Relevance is what makes someone stop scrolling. It creates that immediate sense of recognition, the feeling that “this is for me.” Without that connection, your content becomes easy to pass by, no matter how polished or well-produced it may be. And relevance doesn’t happen by accident; it comes from specificity. The more clearly you define who your content is for, the more powerful it becomes. Instead of trying to appeal to everyone, you begin speaking directly to someone, and that shift changes everything. Specific content feels intentional. It demonstrates an understanding of real problems, real goals, and real frustrations. It replaces vague messaging with precise communication and transforms general ideas into something personally meaningful.

This is where many content strategies go off track. In an effort to reach more people, brands often make their messaging broader and less defined. They avoid being too specific because they don’t want to exclude anyone, but in doing so, they end up excluding the very people they’re trying to reach. When a message is too general, it becomes easy to ignore. It doesn’t feel urgent, it doesn’t feel relevant, and it doesn’t feel like it was created with a specific audience in mind. And if it doesn’t feel like it’s for someone, it won’t resonate with anyone.

On the other hand, narrowing your focus increases your impact.
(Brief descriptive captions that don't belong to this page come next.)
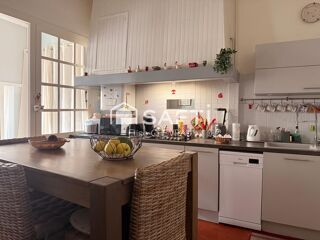  Appartement à vendre 3 pièces 87 m²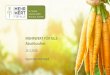 MEHRWERT FÜR ALLE Abschlussfest - bodenseeakademie.at Abschlussfeier ppt.pdf · −zur Förderung der Gesundheit der Bevölkerung − für mehr Vorarlberger Lebensmittel in Gastronomie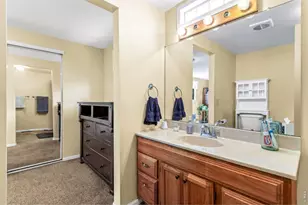 2820 Mango Pl, Loveland, CO 80537 - Photo 24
Speaking to fewer people doesn’t limit your growth; it strengthens it. The right audience responds more deeply. They engage, they save, they share, and they take action. Those signals of engagement not only move your business forward but also tell platforms that your content is worth distributing. 

When your audience feels understood, they pay attention. When they pay attention, they engage. And when they engage, your content begins to perform in a way that actually supports your goals. This shift also changes how you evaluate success. Instead of focusing solely on how many people saw your content, you start asking better questions: Did the right people see this? Did it resonate with them? Did it lead to action? These are the questions that lead to meaningful growth, because they focus on impact rather than just exposure.

The next time your content underperforms, it’s easy to blame reach. It’s easy to assume the algorithm didn’t push it far enough or that it simply needed more visibility. But before jumping to that conclusion, it’s worth asking a more important question: was it relevant? Because reach without relevance is just visibility, and visibility without connection doesn’t convert. 

At Ten Bears Production, we believe relevance is the foundation of effective content. It’s what turns passive viewers into engaged audiences and transforms attention into action. People don’t engage with content just because they see it. They engage because it feels like it was made for them. So instead of trying to speak to everyone, focus on speaking clearly to someone. Speak to fewer people, but speak to them better.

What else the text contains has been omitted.